**WHAT TO WORK ON**.
All that is wanted is a word-for-word copy of the line with "Winchester Cathedral tweet media" and every line after it in the data below.

━━━━━━━━━━

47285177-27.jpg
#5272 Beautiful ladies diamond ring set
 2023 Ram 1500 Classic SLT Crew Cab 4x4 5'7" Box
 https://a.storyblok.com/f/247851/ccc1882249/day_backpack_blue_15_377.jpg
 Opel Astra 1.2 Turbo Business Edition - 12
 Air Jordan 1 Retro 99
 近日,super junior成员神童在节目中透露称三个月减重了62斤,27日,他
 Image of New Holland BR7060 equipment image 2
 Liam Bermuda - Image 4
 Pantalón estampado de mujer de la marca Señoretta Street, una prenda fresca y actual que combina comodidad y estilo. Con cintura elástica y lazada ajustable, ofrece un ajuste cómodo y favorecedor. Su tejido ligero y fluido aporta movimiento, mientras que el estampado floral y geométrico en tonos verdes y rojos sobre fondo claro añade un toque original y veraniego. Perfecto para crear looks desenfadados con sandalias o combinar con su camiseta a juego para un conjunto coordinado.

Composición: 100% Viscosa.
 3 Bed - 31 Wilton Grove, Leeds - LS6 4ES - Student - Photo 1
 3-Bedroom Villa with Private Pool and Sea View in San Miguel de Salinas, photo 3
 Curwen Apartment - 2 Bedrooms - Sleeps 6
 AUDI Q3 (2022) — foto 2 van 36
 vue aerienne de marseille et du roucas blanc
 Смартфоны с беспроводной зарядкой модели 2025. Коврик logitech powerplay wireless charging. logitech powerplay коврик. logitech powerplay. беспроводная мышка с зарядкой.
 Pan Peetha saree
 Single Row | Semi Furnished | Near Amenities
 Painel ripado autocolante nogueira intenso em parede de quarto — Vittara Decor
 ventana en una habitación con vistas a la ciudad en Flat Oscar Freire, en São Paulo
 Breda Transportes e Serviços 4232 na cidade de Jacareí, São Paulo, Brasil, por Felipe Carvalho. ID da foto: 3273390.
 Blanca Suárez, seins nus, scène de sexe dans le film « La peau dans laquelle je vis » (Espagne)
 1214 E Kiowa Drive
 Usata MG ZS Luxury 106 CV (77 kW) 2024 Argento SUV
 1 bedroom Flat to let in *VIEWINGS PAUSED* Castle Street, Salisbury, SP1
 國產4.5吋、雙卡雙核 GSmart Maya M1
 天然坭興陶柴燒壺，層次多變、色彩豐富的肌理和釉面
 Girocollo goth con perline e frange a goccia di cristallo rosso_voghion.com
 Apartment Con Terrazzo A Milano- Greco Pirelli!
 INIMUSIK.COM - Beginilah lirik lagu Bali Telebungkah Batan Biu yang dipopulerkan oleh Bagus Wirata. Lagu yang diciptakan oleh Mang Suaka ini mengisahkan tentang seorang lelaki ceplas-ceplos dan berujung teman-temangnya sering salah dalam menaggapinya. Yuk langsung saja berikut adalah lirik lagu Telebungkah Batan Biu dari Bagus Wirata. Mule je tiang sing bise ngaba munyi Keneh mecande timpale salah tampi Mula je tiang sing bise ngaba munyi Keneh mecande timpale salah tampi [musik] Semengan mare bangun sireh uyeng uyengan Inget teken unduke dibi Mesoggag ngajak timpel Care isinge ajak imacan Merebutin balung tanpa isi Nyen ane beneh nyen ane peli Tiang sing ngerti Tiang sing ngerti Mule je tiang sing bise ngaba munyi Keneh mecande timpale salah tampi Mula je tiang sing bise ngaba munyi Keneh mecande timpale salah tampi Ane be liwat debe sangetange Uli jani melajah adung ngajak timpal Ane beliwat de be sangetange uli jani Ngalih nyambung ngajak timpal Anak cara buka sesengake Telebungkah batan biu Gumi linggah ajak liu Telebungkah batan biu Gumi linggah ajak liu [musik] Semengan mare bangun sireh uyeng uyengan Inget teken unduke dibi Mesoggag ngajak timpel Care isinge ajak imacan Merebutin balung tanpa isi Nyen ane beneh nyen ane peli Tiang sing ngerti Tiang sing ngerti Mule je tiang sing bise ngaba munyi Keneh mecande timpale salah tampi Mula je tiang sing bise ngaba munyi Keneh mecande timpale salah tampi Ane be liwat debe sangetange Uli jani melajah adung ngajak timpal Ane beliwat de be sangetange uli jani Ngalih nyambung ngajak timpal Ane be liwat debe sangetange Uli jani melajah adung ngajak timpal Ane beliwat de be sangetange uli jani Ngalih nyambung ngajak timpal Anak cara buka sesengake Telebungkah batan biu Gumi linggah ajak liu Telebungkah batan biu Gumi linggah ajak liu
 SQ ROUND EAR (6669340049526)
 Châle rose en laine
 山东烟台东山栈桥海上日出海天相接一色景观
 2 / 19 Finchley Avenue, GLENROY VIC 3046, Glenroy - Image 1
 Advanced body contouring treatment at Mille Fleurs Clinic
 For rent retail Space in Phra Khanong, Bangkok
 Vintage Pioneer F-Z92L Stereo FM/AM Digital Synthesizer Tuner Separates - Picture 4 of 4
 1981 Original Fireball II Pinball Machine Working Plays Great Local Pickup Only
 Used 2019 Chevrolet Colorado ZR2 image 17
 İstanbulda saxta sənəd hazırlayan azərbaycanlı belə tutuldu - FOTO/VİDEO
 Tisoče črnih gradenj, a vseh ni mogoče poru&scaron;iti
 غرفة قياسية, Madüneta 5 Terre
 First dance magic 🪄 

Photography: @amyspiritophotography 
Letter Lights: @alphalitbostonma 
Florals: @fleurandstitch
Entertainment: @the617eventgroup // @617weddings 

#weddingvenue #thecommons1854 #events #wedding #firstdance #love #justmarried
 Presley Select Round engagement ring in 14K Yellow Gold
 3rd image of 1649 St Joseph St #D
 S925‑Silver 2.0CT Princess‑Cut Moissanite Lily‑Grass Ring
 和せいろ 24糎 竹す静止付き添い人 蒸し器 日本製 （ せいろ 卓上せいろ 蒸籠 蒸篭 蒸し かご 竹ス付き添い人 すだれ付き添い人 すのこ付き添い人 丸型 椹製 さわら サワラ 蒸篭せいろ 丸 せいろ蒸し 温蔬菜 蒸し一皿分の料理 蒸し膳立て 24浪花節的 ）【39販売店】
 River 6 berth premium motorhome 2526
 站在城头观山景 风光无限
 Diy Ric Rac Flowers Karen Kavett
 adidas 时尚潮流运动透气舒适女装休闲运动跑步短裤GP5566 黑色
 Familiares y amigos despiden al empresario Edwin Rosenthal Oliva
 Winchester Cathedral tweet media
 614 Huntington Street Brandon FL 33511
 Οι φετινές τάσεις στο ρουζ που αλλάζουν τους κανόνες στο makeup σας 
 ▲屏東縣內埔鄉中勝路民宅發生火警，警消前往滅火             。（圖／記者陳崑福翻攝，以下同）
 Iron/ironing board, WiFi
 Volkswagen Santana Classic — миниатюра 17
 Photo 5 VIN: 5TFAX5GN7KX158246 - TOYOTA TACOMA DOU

━━━━━━━━━━

**FINISHED EXERCISE**.
 Winchester Cathedral tweet media
 614 Huntington Street Brandon FL 33511
 Οι φετινές τάσεις στο ρουζ που αλλάζουν τους κανόνες στο makeup σας 
 ▲屏東縣內埔鄉中勝路民宅發生火警，警消前往滅火             。（圖／記者陳崑福翻攝，以下同）
 Iron/ironing board, WiFi
 Volkswagen Santana Classic — миниатюра 17
 Photo 5 VIN: 5TFAX5GN7KX158246 - TOYOTA TACOMA DOU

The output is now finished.